Der einzige Rohstoff, den wir in der Schweiz haben, ist der starke Franken. Dieser wird weiterhin stark bleiben, und die Nationalbank wird auch künftig Devisen kaufen müssen, um unsere Währung nicht weiter ansteigen zu lassen. Dies nämlich würde die Exporte verteuern und die Wirtschaft schwächen und unseren Wohlstand mindern.

Im Jahr 2024 belief sich die Bilanzsumme der Nationalbank auf 854 Milliarden Franken, rund 40 Prozent davon hielt sie in US-Dollar, die man über einen Staatsfonds und mit einer vernünftigen Governance besser nutzen könnte. Ein solcher Fonds würde auch zusätzliche Einkünfte zum Beispiel auch für Verteidigung, Forschung, Gesundheit oder Pflege generieren, ohne – je nachdem für welches Konstrukt man sich entscheidet – den Steuerzahler zu belasten.

Auf jeden Fall gibt es genügend Möglichkeiten, unser Land weiter zu stärken und besser aufzustellen.

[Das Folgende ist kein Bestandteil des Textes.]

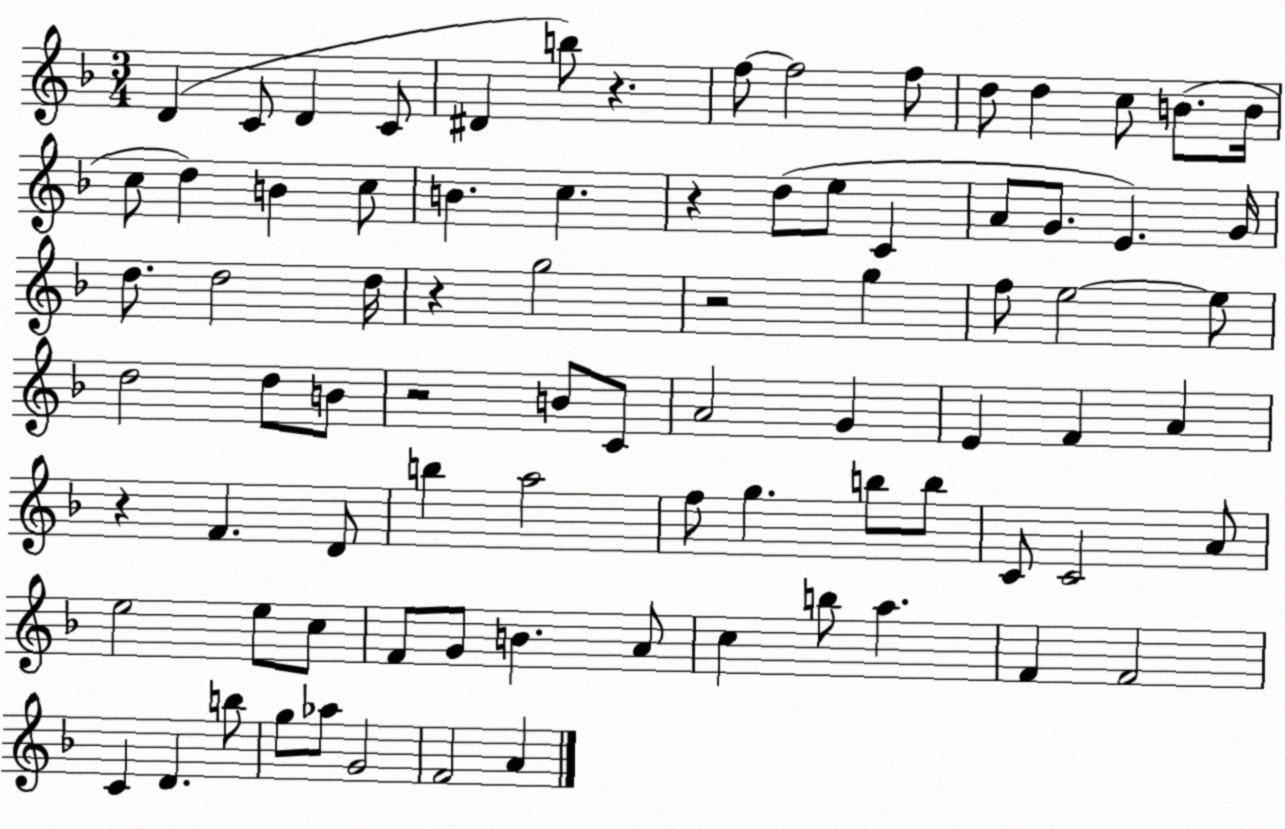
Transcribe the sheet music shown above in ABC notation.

X:1
T:Untitled
M:3/4
L:1/4
K:F
D C/2 D C/2 ^D b/2 z f/2 f2 f/2 d/2 d c/2 B/2 B/4 c/2 d B c/2 B c z d/2 e/2 C A/2 G/2 E G/4 d/2 d2 d/4 z g2 z2 g f/2 e2 e/2 d2 d/2 B/2 z2 B/2 C/2 A2 G E F A z F D/2 b a2 f/2 g b/2 b/2 C/2 C2 A/2 e2 e/2 c/2 F/2 G/2 B A/2 c b/2 a F F2 C D b/2 g/2 _a/2 G2 F2 A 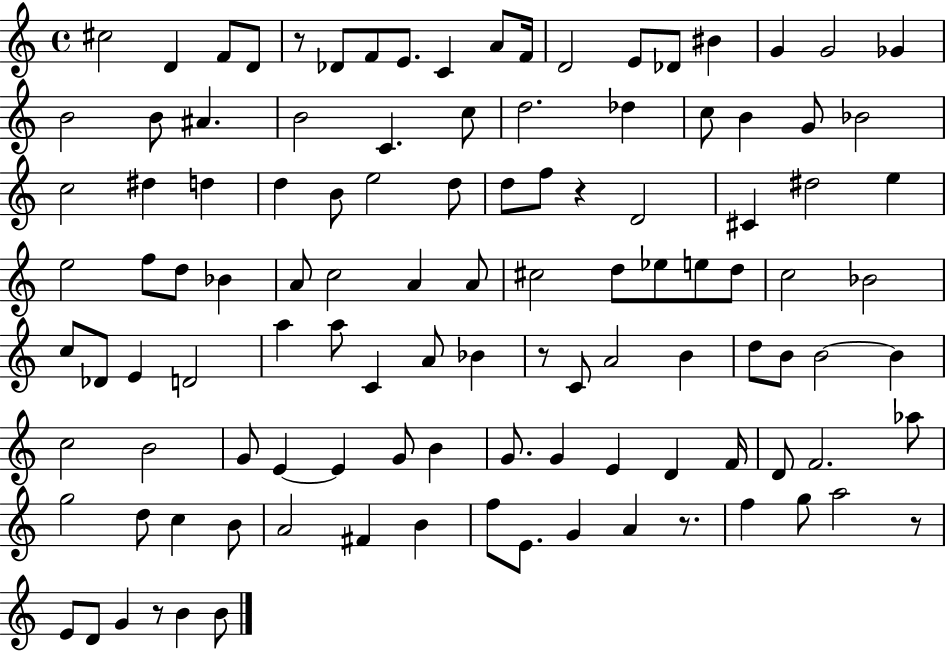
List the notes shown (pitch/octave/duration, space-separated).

C#5/h D4/q F4/e D4/e R/e Db4/e F4/e E4/e. C4/q A4/e F4/s D4/h E4/e Db4/e BIS4/q G4/q G4/h Gb4/q B4/h B4/e A#4/q. B4/h C4/q. C5/e D5/h. Db5/q C5/e B4/q G4/e Bb4/h C5/h D#5/q D5/q D5/q B4/e E5/h D5/e D5/e F5/e R/q D4/h C#4/q D#5/h E5/q E5/h F5/e D5/e Bb4/q A4/e C5/h A4/q A4/e C#5/h D5/e Eb5/e E5/e D5/e C5/h Bb4/h C5/e Db4/e E4/q D4/h A5/q A5/e C4/q A4/e Bb4/q R/e C4/e A4/h B4/q D5/e B4/e B4/h B4/q C5/h B4/h G4/e E4/q E4/q G4/e B4/q G4/e. G4/q E4/q D4/q F4/s D4/e F4/h. Ab5/e G5/h D5/e C5/q B4/e A4/h F#4/q B4/q F5/e E4/e. G4/q A4/q R/e. F5/q G5/e A5/h R/e E4/e D4/e G4/q R/e B4/q B4/e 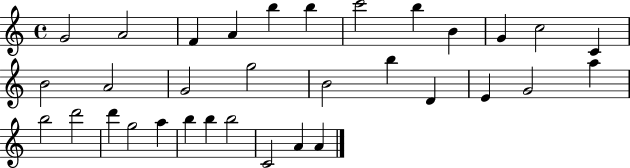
G4/h A4/h F4/q A4/q B5/q B5/q C6/h B5/q B4/q G4/q C5/h C4/q B4/h A4/h G4/h G5/h B4/h B5/q D4/q E4/q G4/h A5/q B5/h D6/h D6/q G5/h A5/q B5/q B5/q B5/h C4/h A4/q A4/q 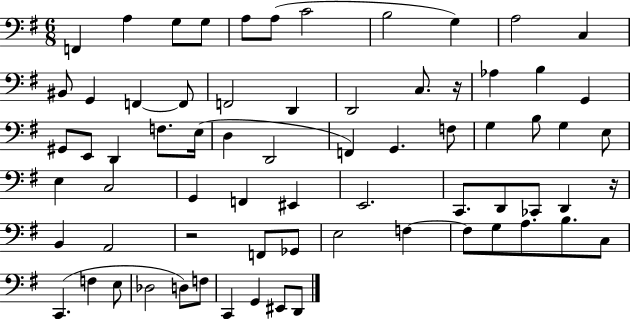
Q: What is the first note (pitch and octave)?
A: F2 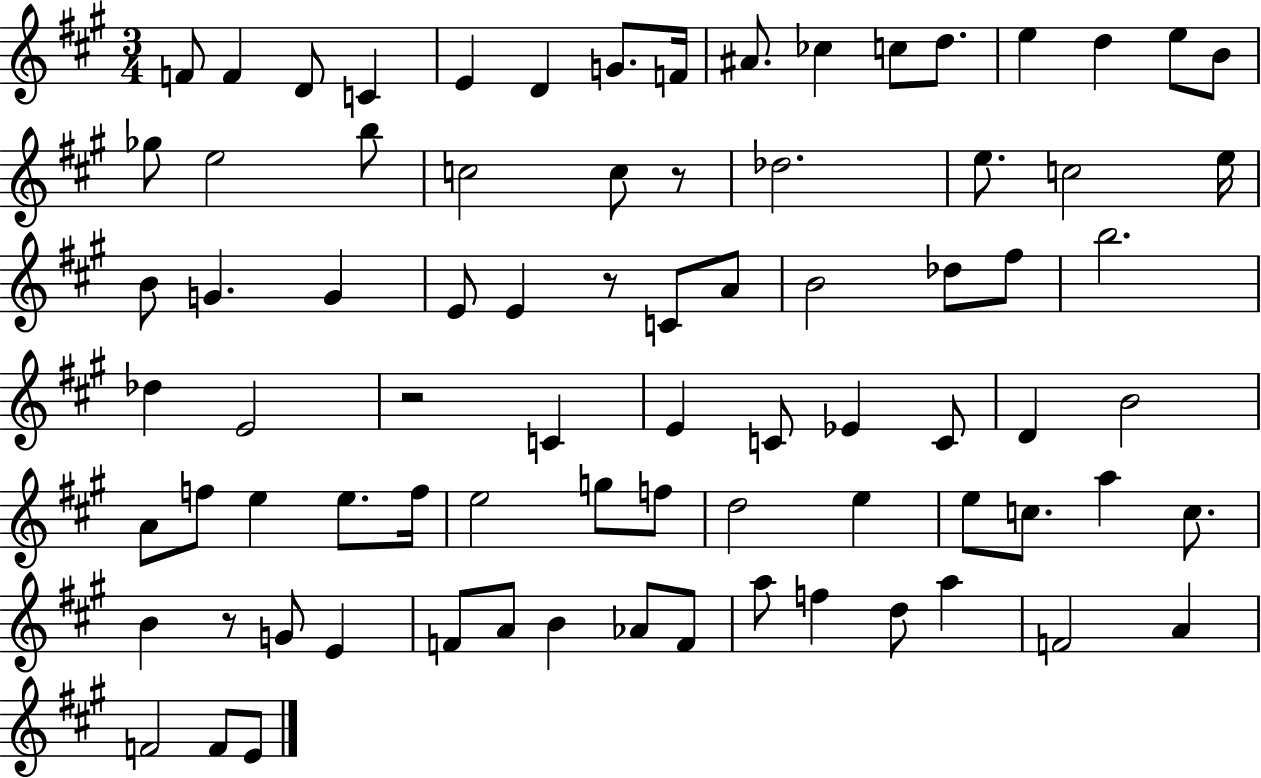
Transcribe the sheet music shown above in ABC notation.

X:1
T:Untitled
M:3/4
L:1/4
K:A
F/2 F D/2 C E D G/2 F/4 ^A/2 _c c/2 d/2 e d e/2 B/2 _g/2 e2 b/2 c2 c/2 z/2 _d2 e/2 c2 e/4 B/2 G G E/2 E z/2 C/2 A/2 B2 _d/2 ^f/2 b2 _d E2 z2 C E C/2 _E C/2 D B2 A/2 f/2 e e/2 f/4 e2 g/2 f/2 d2 e e/2 c/2 a c/2 B z/2 G/2 E F/2 A/2 B _A/2 F/2 a/2 f d/2 a F2 A F2 F/2 E/2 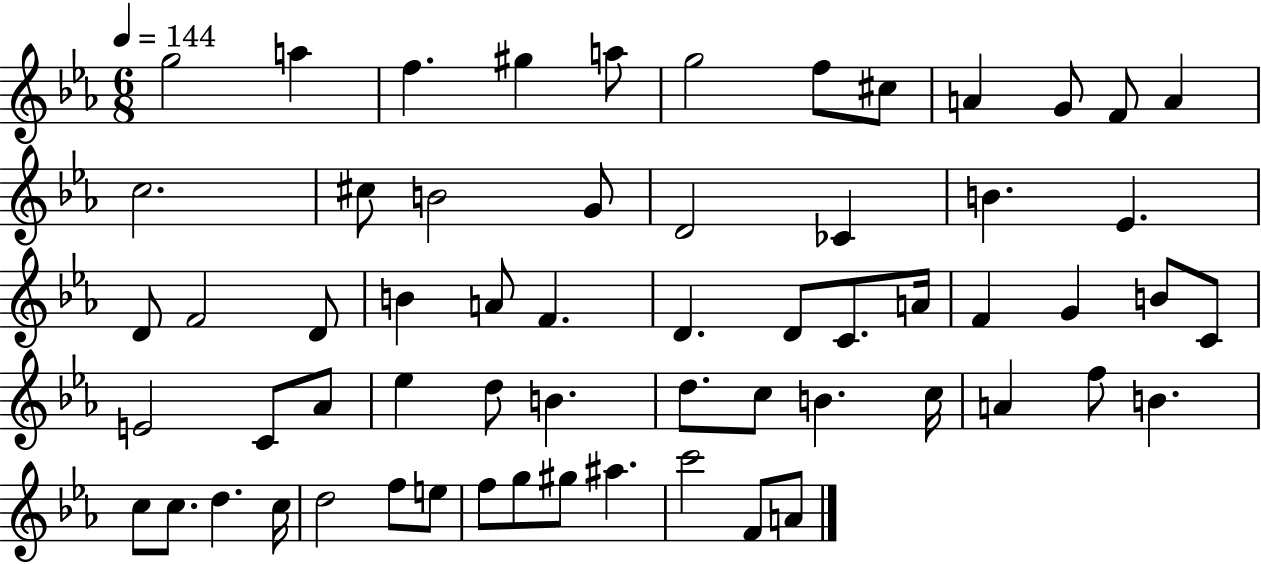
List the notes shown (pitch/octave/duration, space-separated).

G5/h A5/q F5/q. G#5/q A5/e G5/h F5/e C#5/e A4/q G4/e F4/e A4/q C5/h. C#5/e B4/h G4/e D4/h CES4/q B4/q. Eb4/q. D4/e F4/h D4/e B4/q A4/e F4/q. D4/q. D4/e C4/e. A4/s F4/q G4/q B4/e C4/e E4/h C4/e Ab4/e Eb5/q D5/e B4/q. D5/e. C5/e B4/q. C5/s A4/q F5/e B4/q. C5/e C5/e. D5/q. C5/s D5/h F5/e E5/e F5/e G5/e G#5/e A#5/q. C6/h F4/e A4/e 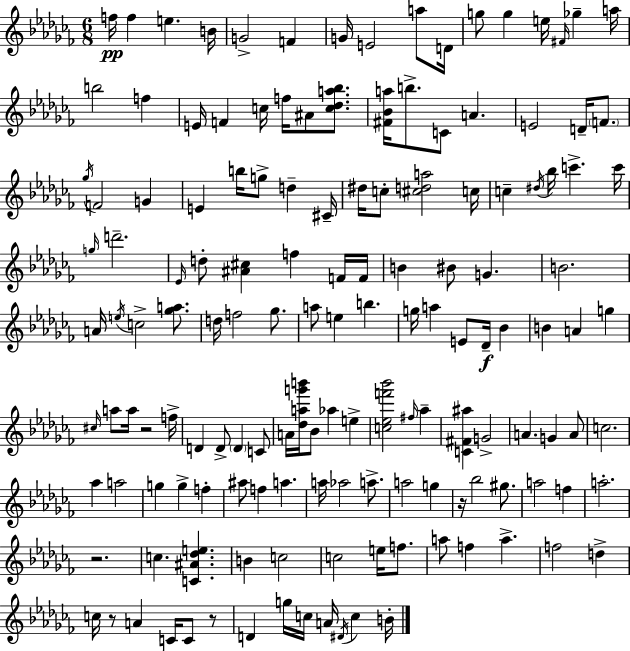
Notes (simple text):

F5/s F5/q E5/q. B4/s G4/h F4/q G4/s E4/h A5/e D4/s G5/e G5/q E5/s F#4/s Gb5/q A5/s B5/h F5/q E4/s F4/q C5/s F5/s A#4/e [C5,Db5,A5,Bb5]/e. [F#4,Bb4,A5]/s B5/e. C4/e A4/q. E4/h D4/s F4/e. Gb5/s F4/h G4/q E4/q B5/s G5/e D5/q C#4/s D#5/s C5/e [C#5,D5,A5]/h C5/s C5/q D#5/s Bb5/s C6/q. C6/s G5/s D6/h. Eb4/s D5/e [A#4,C#5]/q F5/q F4/s F4/s B4/q BIS4/e G4/q. B4/h. A4/s E5/s C5/h [Gb5,A5]/e. D5/s F5/h Gb5/e. A5/e E5/q B5/q. G5/s A5/q E4/e Db4/s Bb4/q B4/q A4/q G5/q C#5/s A5/e A5/s R/h F5/s D4/q D4/e D4/q C4/e A4/s [Db5,A5,G6,B6]/s Bb4/e Ab5/q E5/q [C5,Eb5,F6,Bb6]/h F#5/s Ab5/q [C4,F#4,A#5]/q G4/h A4/q. G4/q A4/e C5/h. Ab5/q A5/h G5/q G5/q F5/q A#5/e F5/q A5/q. A5/s Ab5/h A5/e. A5/h G5/q R/s Bb5/h G#5/e. A5/h F5/q A5/h. R/h. C5/q. [C4,A#4,Db5,E5]/q. B4/q C5/h C5/h E5/s F5/e. A5/e F5/q A5/q. F5/h D5/q C5/s R/e A4/q C4/s C4/e R/e D4/q G5/s C5/s A4/s D#4/s C5/q B4/s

Aber dafür sollten wir moderner, kreativer, flexibler und weniger dogmatisch vorgehen. Dies wird in unsicheren Zeiten immer unabdingbarer.

Ein wenig Zynismus zum Schluss: Vielleicht kommt alles ganz anders, und auch wir in der Schweiz werden bald mit der Null-Zölle-Idee von Elon Musk konfrontiert sein. Warten wir diese Nacht doch ab, was in Washington alles passieren mag.

Georges Kern ist seit 2017 CEO der Uhrenmanufaktur Breitling mit Sitz in Grenchen SO. Bis 2024 war er Mitglied der Grünliberalen.